A tragic opera written by Italian composer, Giuseppe Verdi, La traviata follows the story of Violetta (a high-class courtesan in 19th-century Paris) and her passionate love affair with Alfredo (a young nobleman).  

Despite their developing romance, the relationship is soon put under pressure as societal expectations, misunderstandings and illness threaten to tear them apart – ultimately leading to a heart-breaking conclusion. 

Learn more about this iconic opera as we share a detailed story synopsis of La traviata, including the title’s meaning, famous songs and characters that play a key part in the plot. You can also read the answers to frequently asked audience questions, as well as watch video snapshots from previous ENO performances for a taste of the opera. 

La traviata Synopsis

Act I: Paris

Violetta, a courtesan of renown desire, is hosting a lavish party with the upper-class gentlemen of Paris and her fellow courtesans, all funded by her admiring patron, Baron Douphol. Amidst the champagne, she is introduced to a middle-class gentleman, Alfredo Germont, who has been in love with her for over a year – since, we learn, her illness began. Alfredo is pressured to make a toast in which Violetta joins him, urging everyone to enjoy the fleeting pleasures of life. As the guests retire to other rooms, Violetta suddenly grows ill. While left alone with Violetta, Alfredo protests his love – which she discourages at first, but then accepts in a sudden reversal. As dawn breaks, the gentlemen must all go home, and Violetta is left alone to contemplate the idea of having a true love for herself. Instead, she resolves to plunge herself headlong into the vortex of hollow pleasures that make up her existence.

Act II

Scene 1:  A house in the country, three months later

Violetta and Alfredo are now living together in the idyllic countryside. When Alfredo learns from her servant Annina that Violetta has sold her possessions to support the life they lead, he returns to the city to raise the necessary funds. In his absence, Violetta receives an unexpected visit from Alfredo’s father. He begs her to end their relationship, otherwise his daughter’s marriage into a respectable family will be threatened. After a relentless breakdown of her character, Violetta agrees to sacrifice her love – despite it breaking her will to live. Germont leaves and Violetta writes a farewell note to Alfredo: she will return to the city and Douphol’s patronage. Alfredo returns, and Violetta arranges for him to be given the note after she has gone. When he reads it, he refuses the consolation of his father (who has been watching from nearby), and rushes back to the city to avenge himself.

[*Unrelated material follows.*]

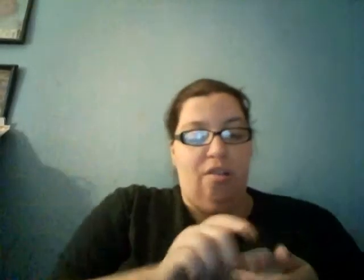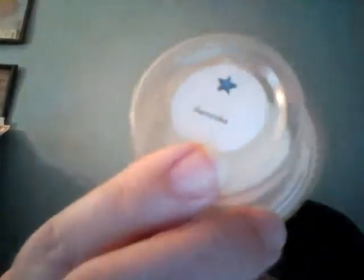Next one is another one from Super Tarts and this is Genosha. I should have taken all the scent descriptions, but Genosha is like a sweet, orangey, creamy, bakery type scent. It's really good — I've liked this since Brandy came out with this one.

Scene 2: Paris, that same night

A party is in progress, enlivened by a masque of gypsies and bullfighters. Alfredo appears alone and witnesses Violetta on the arm of Douphol. The two men play an aggressive round of cards which Alfredo wins. When she has an opportunity, Violetta speaks to Alfredo alone and begs him to leave and avoid a deadly fight with Douphol; pressed by Alfredo, she maintains her promise to Alfredo’s father and tells Alfredo that she loves Douphol. In a fury, Alfredo summons the guests to witness the repayment of his debts as he flings his winnings at her. Germont enters in time to witness his son’s outburst and shames him. Alfredo must leave the party – and Violetta.

Act III: Violetta’s bedroom, a few months later

The doctor tells Annina that her mistress will soon die. Violetta instructs Annina to give what little money they have left to the poor, and re-reads a letter from Germont telling her that Alfredo now knows of her sacrifice and is returning to beg her forgiveness. She believes it is now too late for a reunion with Alfredo. She bids farewell to all her hopes and prays to be released from this suffering. The sounds of a carnival in the street summon false hopes of Alfredo’s return. Then, to her astonishment, Alfredo returns to hold his beloved. Germont arrives to give his blessing, full of remorse at the pain he has caused. But it is too late.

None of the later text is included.